LA SEGRETEZZA DEGLI ACCORDI. Come tutti sanno, gli Stati membri dell’Unione non hanno competenze in materia di commercio con paesi extracomunitari. Per questa ragione le trattative vedono impegnata una delegazione della Commissione Europea. Le polemiche di mancata trasparenza e segretezza sono ridicole alla luce del materiale presente nel sito ufficiale della Commissione. Qui si possono trovare documenti di ogni sorta, ricerche indipendenti, risultati di consultazioni pubbliche, inchieste parlamentari, emendamenti.
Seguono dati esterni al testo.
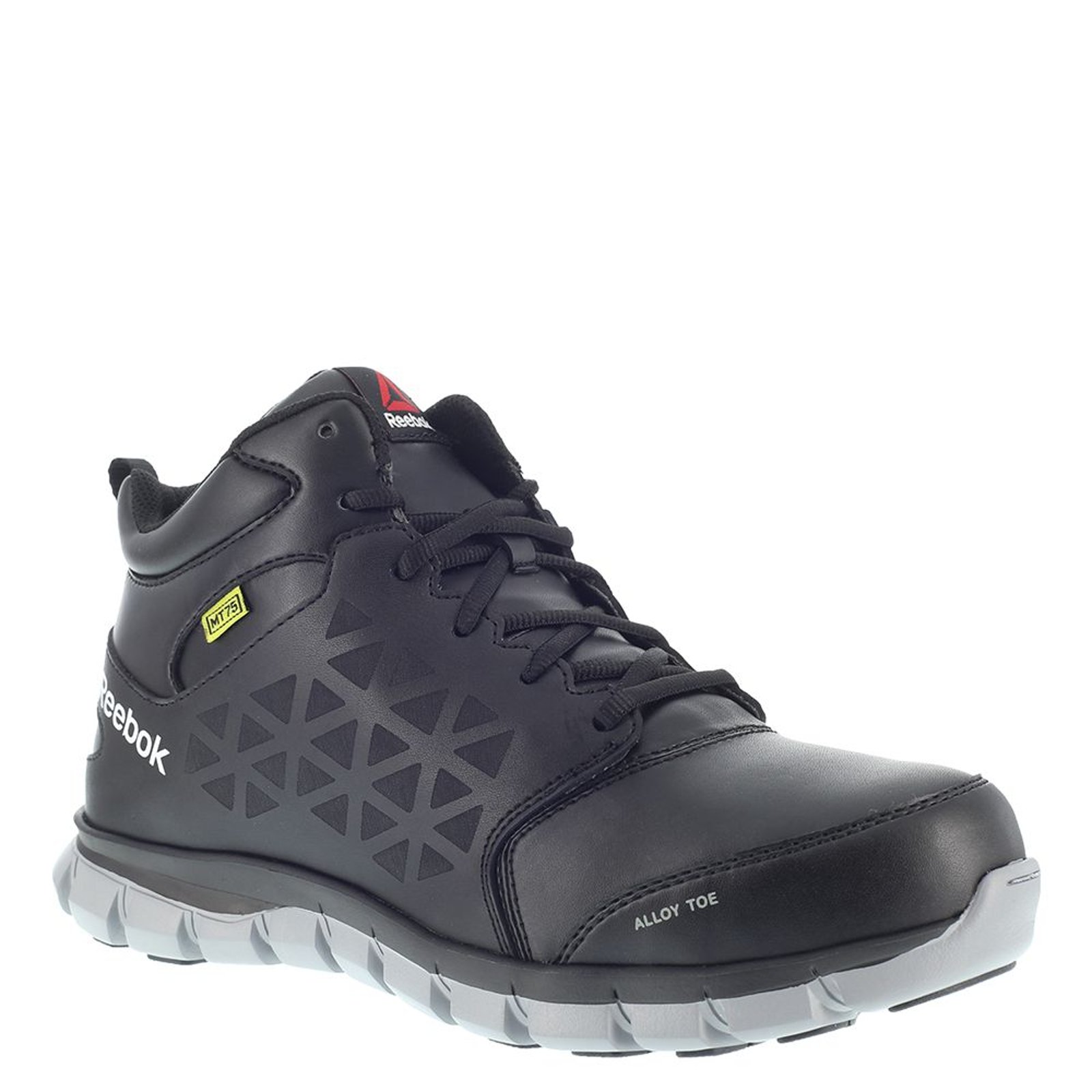 Reebok Work Sublite Cushion Work Alloy Toe Men's Black Oxford .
Da tutti questi documenti emerge, da un lato la complessità delle questioni da trattare e dall’altro il grande sforzo della Commissione per rendere l’operazione il più trasparente possibile. Io parlerei dei trattati più trasparenti delle storia dell’umanità (che non significa certo i più convenienti). Inoltre, sui temi più controversi, come l’introduzione della clausola ISDS, sono state avviate varie consultazioni pubbliche che hanno coinvolto quasi 150.000 cittadini e svariate istituzioni. Come se non bastasse, una volta che le trattative avranno fine, il documento verrà sottoposto alla votazione del Parlamento Europeo. Parlamento, ricordiamolo, eletto attraverso libere elezioni, il quale ha già respinto, nel 2012, un accordo commerciale plurilaterale.
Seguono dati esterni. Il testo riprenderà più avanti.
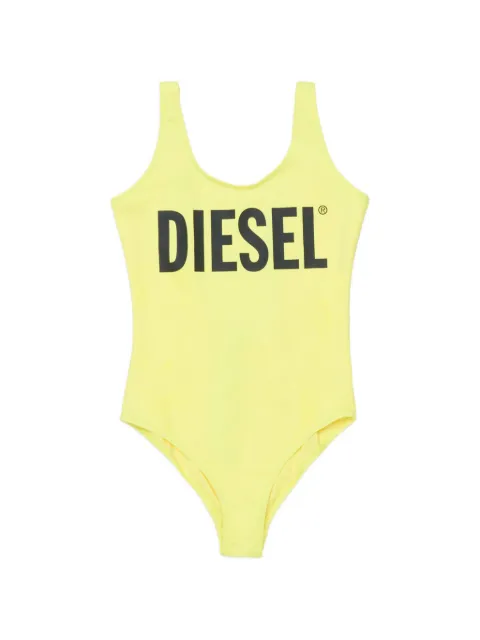 Diesel Kids logo-print one-piece swimsuit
Domanda: in quali altri modi si dovrebbe portare avanti una discussione del genere se non delegando rappresentanti, attendendo qualche discussione prima di divulgare i contenuti, chiedendo pareri esterni, di cittadini e di esperti, e sottoponendo il tutto alla votazione di un parlamento eletto democraticamente?
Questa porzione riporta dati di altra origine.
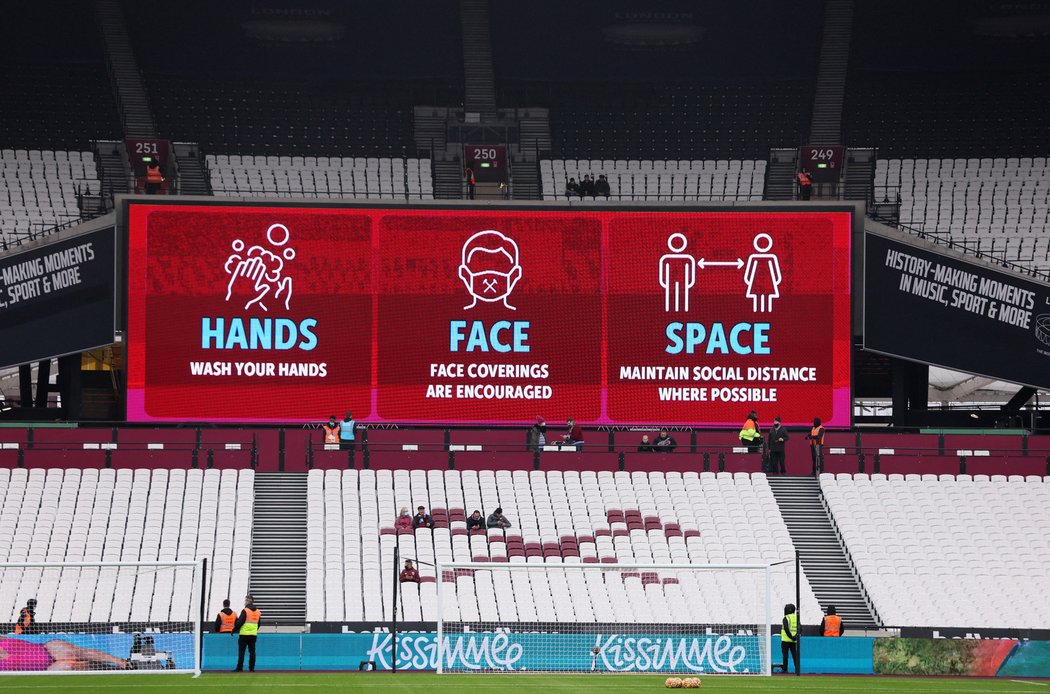 Proticovidová opatření na stadionu West Hamu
Se si volesse vigilare il processo di trattativa sarebbe piuttosto auspicabile, come suggeriscono gli autori del think tank Lo Spazio della Politica, “un’analisi approfondita per verificare i possibili conflitti d’interesse di coloro che compongono il team dei negoziatori. Ma questo non è avvenuto”.
LA PRIVATIZZAZIONE DEI SERVIZI PUBBLICI. Non c’è motivo di credere che il Trattato preveda la privatizzazione dei servizi pubblici. Secondo i documenti disponibili, la gestione dei servizi pubblici rimarrà totalmente nelle mani dei singoli Stati. Lo ha detto direttamente il Commissario europeo per il commercio. La Commissione ha ricordato a tutti che i governi nazionali sono liberi di gestire i servizi pubblici interni e di modificare liberamente l’elenco delle materia escluse dall’affidamento a imprese extra europee. Nonostante queste dichiarazioni, nonostante non si trovi in nessun luogo scritto il contrario, c’è chi perdura a parlare di privatizzazione dei servizi come una delle conseguenze più probabili del trattato. Alcuni per motivi elettorali come la Lista Tsipras; altri per motivi sconosciuti (ideologici?), come Repubblica/MicroMega.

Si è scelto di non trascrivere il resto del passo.